October 2021; Top 5 Cryptocurrencies: What do the tokens actually do?

I've searched for but have been unable to find a resource that summarises, in simple terms, the use cases of the top 5 cryptocurrency tokens by market cap. This is why I've written this article; hopefully you will find it interesting and informative.

As you are likely aware, there are many different types of cryptocurrency tokens.

Some tokens are seeking to be 'sound money', 'stores of value' and 'non-government controlled currency' like Bitcoin; others are open-source software development platforms, where decentralised applications - or dApps for short - can be built like Ethereum. Owning a crypto token itself is simply owning a stake in the respective protocol. The reason all types of tokens get bunched together is that, regardless of which protocol the crypto token relates to, it has a capital trading value that investors and traders speculate on by buying or selling; generally by using an exchange or an Over The Counter (OTC) broker.

There is almost an infinite list of cryptocurrency tokens. Many have unique characteristics distinct from one another relating to security, supply, decentralisation and algorithms. For token creator teams, whom are typically software developers, it is all about differentiation, unique selling points and/or building upon successes of other protocols and fixing their perceived weaknesses.

The one thing I want to make clear is that all of the tokens are not in direct competition with one another. Those who think that they are, are confusing the concept of investment (the opportunity to make money speculating on the price of tokens going up or down) with what the protocol actually does - the latter being the 'use case'.

If you are thinking about speculating on the price of crypto tokens - by investing - then my strong view is that you really ought to take time to understand whether the protocol has value to the world. This is what will drive the price of the tokens over the longer term.

Read on for a simple summary of each of the top 5.

At a glance

  1. Bitcoin (BTC)
    Rated 4.6 out of 5
  2. Ethereum (ETH)
    Rated 3.9 out of 5
  3. Tether (USDT)
    Rated 3.5 out of 5
  4. Binance Coin (BNB)
    Rated 3.8 out of 5
  5. Cardano (ADA)
    Rated 3.6 out of 5

1
Bitcoin (BTC)

Bitcoin (BTC)
4.6 /5Overall
Network Effect4.5
Real World Value Proposition5
Community Engagement4.5
Future Potential4.5
Decentralisation4.5
  • Network Effect:

    The first and most well known crypto.

  • Real World Value Proposition:

    A digital store of wealth and permission-less payments.

  • Community Engagement:

    Community can come across as arrogant to newcomers.

  • Future Potential:

    Huge.

  • Decentralisation:

    Highly decentralised globally.

Bitcoin is the first successful internet money whereby no government or central authority (e.g. a bank) is involved in the transaction or production of it.

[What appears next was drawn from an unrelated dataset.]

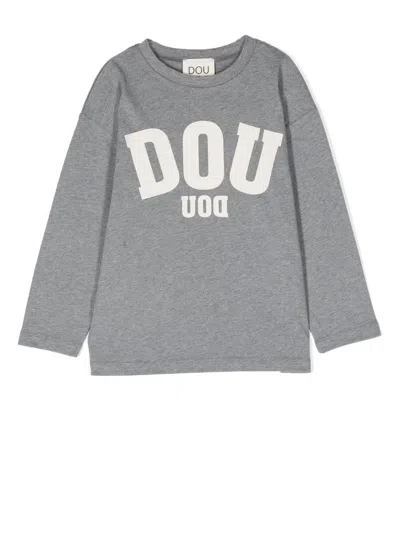 Douuod Logo-print Long-sleeve T-shirt In Grau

Bitcoin is not completely anonymous, contrary to many incorrect reports. In fact, it uses a public blockchain (a public online database) which is accessible by anyone with an internet connection.

The Bitcoin blockchain records every transaction that has ever (and will ever) take place on the Bitcoin network. The 'anonymity' idea derives from the fact that unless you know who owns the wallet address (the unique code of letters and numbers recorded publicly on the blockchain), those using the network to transact value can potentially stay anonymous. However, exchanges and other intermediaries which enable the purchase, sale and storage of cryptocurrencies are required, as a result of government regulations, to make you identify yourself prior to using them. So in practice, a relatively small number of transactions are genuinely anonymous. However, a skilled person could indeed transact anonymously; a significant win for the concept of privacy in a world where we are all surveyed with increasing regularity.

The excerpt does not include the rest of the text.